Short web captions:
=-=-=

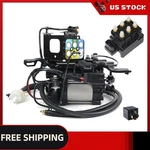 For Jeep Grand Cherokee 11-19 Air Suspension Compressor Pump & Valve Assembly. Fixed Price $236.00.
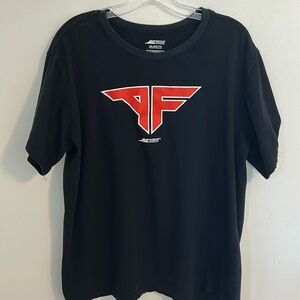 Call of Duty League Retro Atlanta Faze Black T-Shirt Size XXL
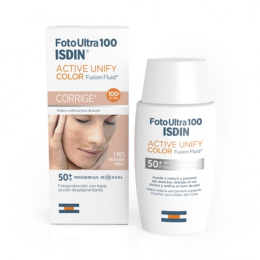 Isdin Foto ultra 100 Active unify Color Fusion fluid SPF100+ - 50ml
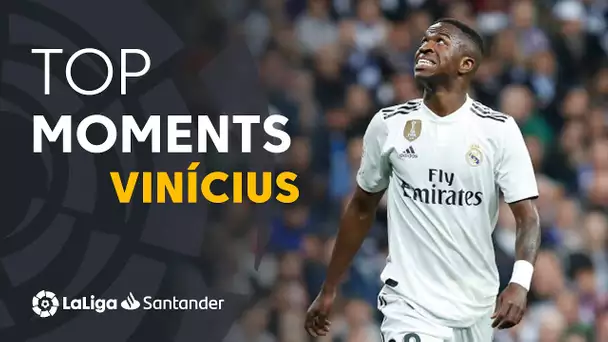ElClásico: Vinícius Júnior, la nueva sensación del Real Madrid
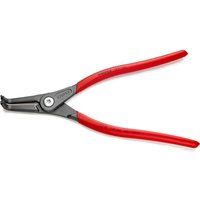Knipex Precision Circlip Pliers for external circlips on shafts grey atramentized, with non-slip plastic coating 305 mm (self-service card/blister) 49 21 A41 SB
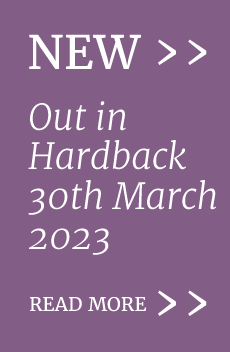 New: Out in hardback 30th March 2023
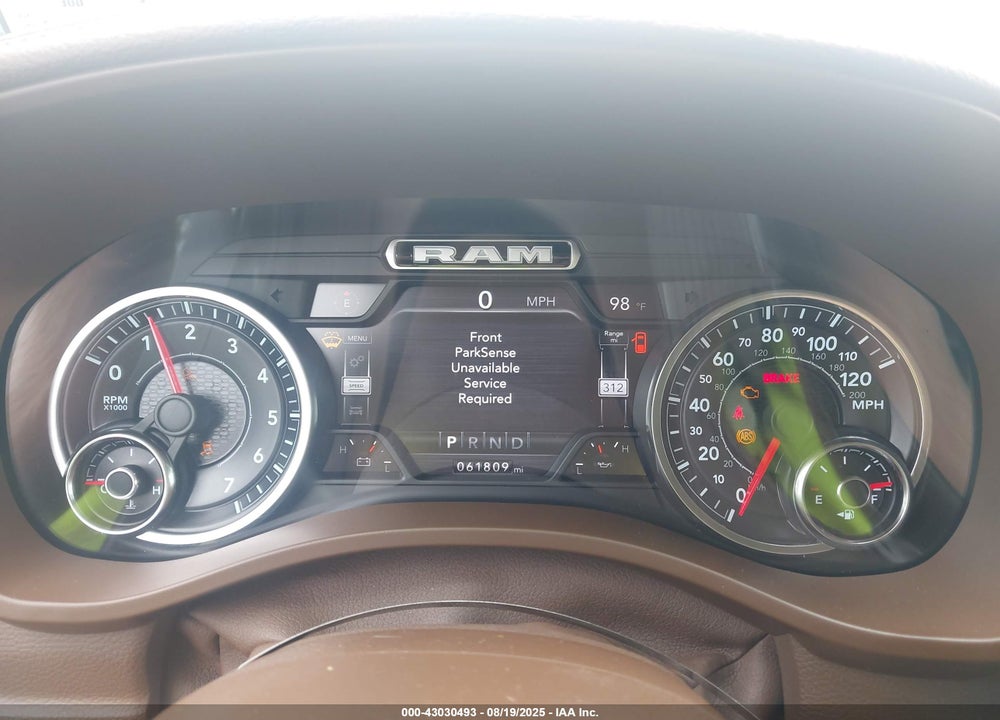 2020 RAM 1500 VIN: 1C6SRFJT8LN327643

=-=-=

--- Exercise objective ---
Exact copy required, pictures excluded: the lines from the one holding "Isdin Foto ultra" through the last line of the data, both ends included.

--- Solved exercise ---
 Isdin Foto ultra 100 Active unify Color Fusion fluid SPF100+ - 50ml
ElClásico: Vinícius Júnior, la nueva sensación del Real Madrid
Knipex Precision Circlip Pliers for external circlips on shafts grey atramentized, with non-slip plastic coating 305 mm (self-service card/blister) 49 21 A41 SB
 New: Out in hardback 30th March 2023
 2020 RAM 1500 VIN: 1C6SRFJT8LN327643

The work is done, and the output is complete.